Public health messaging once convinced young people to buckle up and stop smoking. In the TikTok era, a new set of activists is clarifying the dangers posed by firearms.


Once upon a time in America, people rolled their eyes at seatbelts, four out of ten high school students smoked cigarettes, and campers left their fires smoldering through the night. Then we changed. Not primarily because of policy reforms, but because teams of marketers crafted public health messaging campaigns in which chatty crash test dummies told us to buckle up, teens piled 1,200 body bags in front of the Philip Morris headquarters, and Smokey Bear identified who, precisely, can prevent forest fires.

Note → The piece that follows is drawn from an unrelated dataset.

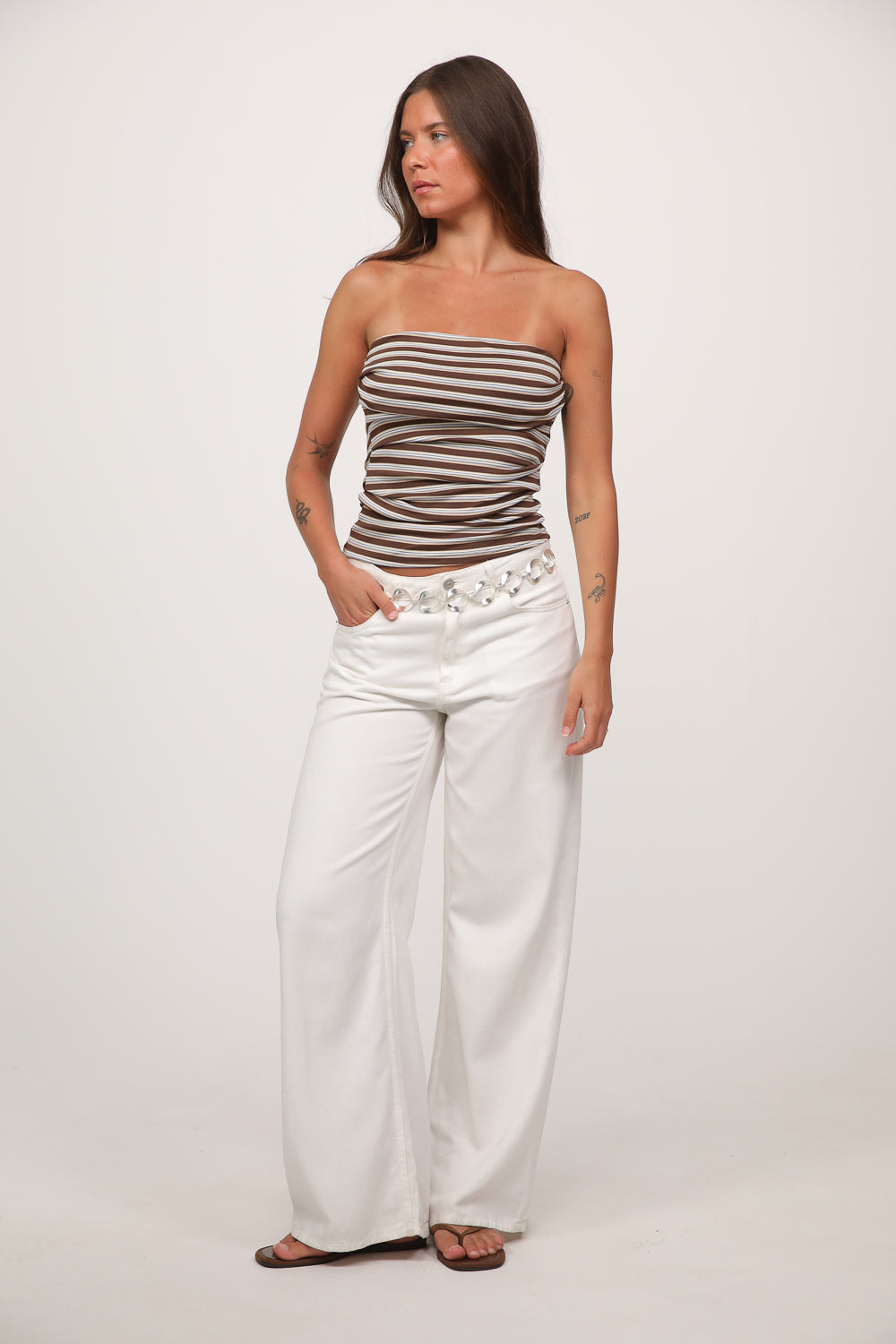 Strapless Noga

Recently, big players in gun violence prevention have begun asking whether this tradition of transforming America through advertising might be used to reform our relationship to guns, too.

The most ambitious effort to change Americans’ relationship to guns is being led by a nonprofit founded two years ago, called Project Unloaded. Rather than trying to improve how existing gun owners handle their weapons, or curry public support for a specific policy, Project Unloaded is using marketing to attack the problem at the heart of gun violence: Too many households own guns, and more access to guns leads to more deaths and injuries

A single statistic led to the organization’s founding: In 2014 a Gallup poll found that the portion of Americans who believe that having a gun in the house makes it a safer place had jumped from 35 percent to 63 percent in only 15 years.